I had Crohn's for over 15 years(3 surgeries, blood transfusion after GI bleeding, endoscopies, colonoscopies, prednisone, Remicade, Humira, etc) - I went through a lot. You name it, I've done it. I had severe food allergies for over 10 years, I had severe seasonal allergies and I am now in remission. All I take are some supplements: vitamin D, omega-3 fish oil, magnesium/calcium, B12.

Let me know if you have any questions - I'll be glad to answer them.


----------



## Crohnadian

I was looking at this as a serious option for me up until my latest hospitalization. The cost of the worms is quite steep and I also am fed up already. Ostomy here I come lol.. but for those who are interested in this I think it's a fantastic option to explore


----------



## Mountain bike man

Thanks for the info.  Where do I sign up?  Had this thing for 3 years and tried everything. Nothing has worked yet.  I'm anxious to try the worms and will let everyone know how it goes!


----------



## rbd

w.wbaltv.com/video/22820045/detail.html 

That's me. From an interview I gave earlier last year. I can say from experience that helminthic therapy does work VERY well for me at least. But it is no miracle cure. It does take about 6 months with most people to take effect, and not every one responds (response rates for Crohn's look to be around 90-95% based on small-scale surveys). While your immune system is adjusting to the worms, you will have side effects, such as fatigue, inflammation, fever, and digestive issues. These normally come on for a day or two, then go away, then come back during that 6 month period. 

I've done quite well on it, but recently lost my worms and am getting redosed soon. I take no medication when I am on the worms, I can eat anything I want pretty much (except for wheat, which I am allergic to). BMs are 100% normal (1 or 2 a day). Energy is fantastic (you do need to watch for anemia however).

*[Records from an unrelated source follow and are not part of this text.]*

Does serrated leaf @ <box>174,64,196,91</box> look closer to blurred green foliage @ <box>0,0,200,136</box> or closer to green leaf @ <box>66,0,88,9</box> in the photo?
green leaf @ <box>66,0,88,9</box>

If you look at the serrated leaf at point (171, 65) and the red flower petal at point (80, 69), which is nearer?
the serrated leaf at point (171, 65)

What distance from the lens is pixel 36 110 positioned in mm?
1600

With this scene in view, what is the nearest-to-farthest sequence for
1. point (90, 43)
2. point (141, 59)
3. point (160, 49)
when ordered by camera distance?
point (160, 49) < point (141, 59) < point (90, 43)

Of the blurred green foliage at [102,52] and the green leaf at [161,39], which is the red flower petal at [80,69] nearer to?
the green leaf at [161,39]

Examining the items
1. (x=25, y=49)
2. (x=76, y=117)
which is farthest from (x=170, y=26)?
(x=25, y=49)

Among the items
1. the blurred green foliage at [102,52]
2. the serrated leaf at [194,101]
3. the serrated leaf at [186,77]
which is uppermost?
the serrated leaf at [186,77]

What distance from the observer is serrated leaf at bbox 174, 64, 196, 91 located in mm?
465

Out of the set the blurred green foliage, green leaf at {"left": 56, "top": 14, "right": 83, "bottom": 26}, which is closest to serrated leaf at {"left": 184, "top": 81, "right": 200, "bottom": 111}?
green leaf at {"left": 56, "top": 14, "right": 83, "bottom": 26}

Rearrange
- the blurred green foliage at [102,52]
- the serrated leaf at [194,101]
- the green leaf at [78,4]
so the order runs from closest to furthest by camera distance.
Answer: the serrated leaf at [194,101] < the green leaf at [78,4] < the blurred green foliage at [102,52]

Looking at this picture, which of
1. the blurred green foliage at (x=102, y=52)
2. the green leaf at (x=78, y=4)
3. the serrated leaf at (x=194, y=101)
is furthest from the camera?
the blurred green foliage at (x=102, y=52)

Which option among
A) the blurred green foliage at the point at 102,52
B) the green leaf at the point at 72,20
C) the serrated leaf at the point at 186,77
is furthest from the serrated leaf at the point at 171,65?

*D Bergy:* The helminths do modulate the immune response, from what the current research tells us. Not only do they secrete chemicals that directly influence immune activity, but their presence also leads the body to create additional peripheral T suppressor cells (which is verifiable by a T-cell panel). This in fact is the source of the majority of the benefit from the therapy, and it is something that no other Crohn's therapy that I know of does today.

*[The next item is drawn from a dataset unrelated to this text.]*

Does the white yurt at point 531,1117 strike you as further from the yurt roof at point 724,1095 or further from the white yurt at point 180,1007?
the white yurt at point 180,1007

*kello82:* The "patch method" is used with hookworm, which migrate through the skin (traditionally they hung out on the ground of shared letrene areas and the larvae would "hook" into the foot when you stepped on them. They secrete an enzyme that then opens up the pores, and they 'slip' through, shething off a layer that serves as a decoy for the immune system to attack. They do this process a few more times on their way to the gut. 

In reality the process isn't that bad...it's just a bad itch for awhile. I never felt the worms in my throat or had 'the cough'. The other method (swallowing a solution) is for whipworm (and a few others). Pig whipworm (i.e. TSO) only lives in the gut for about 2 weeks or so, do you have to continually reinoculate yourself. Human whipworm can be taken as well (and has greater efficacy for those with UC from what I hear) but will only live for around 8-12 months on average. Hookworm are said to live for 3 to 5, but this last batch I had only lived for a year (I believe something I did messed it up -- there are several drugs and things you can't take while on worm therapy).

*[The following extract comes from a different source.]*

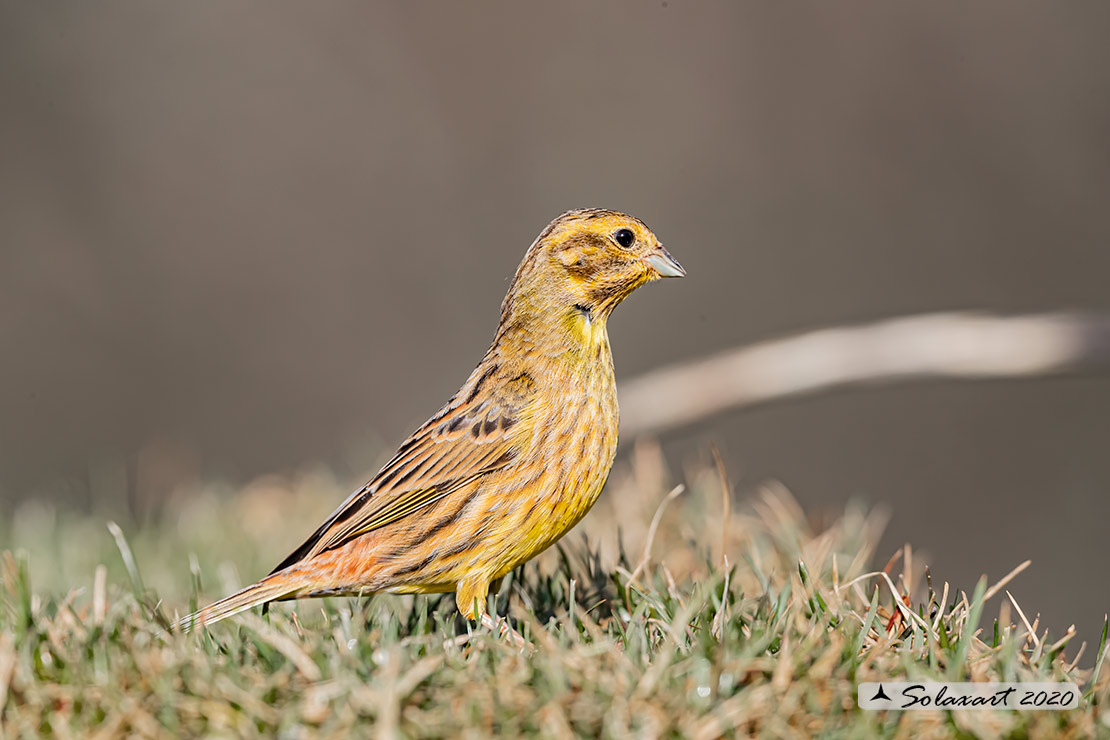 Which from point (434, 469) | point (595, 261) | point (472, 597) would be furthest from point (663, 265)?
point (472, 597)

*imisspopcorn:* The reports you hear of these parasites traveling into the brain, etc. are when you get a parasite from one species into another (e.g. if you got dog hookworm for instance). Think about it: the worm thinks its in a dog, so can then misnavigate and you can have a problem. With the human varieties at least, there is no risk of this. They have evolved with us for millions of years, since before we were even human. TSO has proven to be safe as well, and are swallowed anyhow.

*CrohnsHobo:* I for one would not want to be on the Humira and Methotrexate that you are on. The risk of Cancer and more from those drugs are real. These worms are very safe compared to that (and hookworm is a good deal cheaper if you look at how god awfully expensive those drugs can be). I take no drugs regularly, and I only take Entocort for a few days if I have a flare from eating wheat, which I am allergic to.

*Fog Ducker:* Certain meds are safe to be on while on the worms (entocort, prednisone, opiates, etc). However, your "worm person" will definitely want to get you as healthy as possible before you are innoculated. Innoculating someone that is in tough shape disease wise is not a very smart thing to do, since it puts additional stress on that person's body, and the environment (with the immune flaring and tissue damage) is not a very hospitable place for the worms. Remember, these are living organisms and they are stressed out by excess immune activity. That is why they have these amazing abilities of being able to influence human immune system mechanics.


One other thing that I have to say is if you are interested in this therapy:
1. *DO YOUR RESEARCH.* Become educated on this therapy, how it works, the side effects, and if it is right for you. I know for a fact that my worm guy will not take prospective patients that come to him looking for a quick fix, or that have not done their research. These kinds of people are just too much of a risk.

2. *Talk to your doctor*: I talked to my GI before I ever tried the therapy. If your GI is totally ignorant about it and dismisses it out of hand, get another one. My GI knew A LOT about the therapy and said I could try it out.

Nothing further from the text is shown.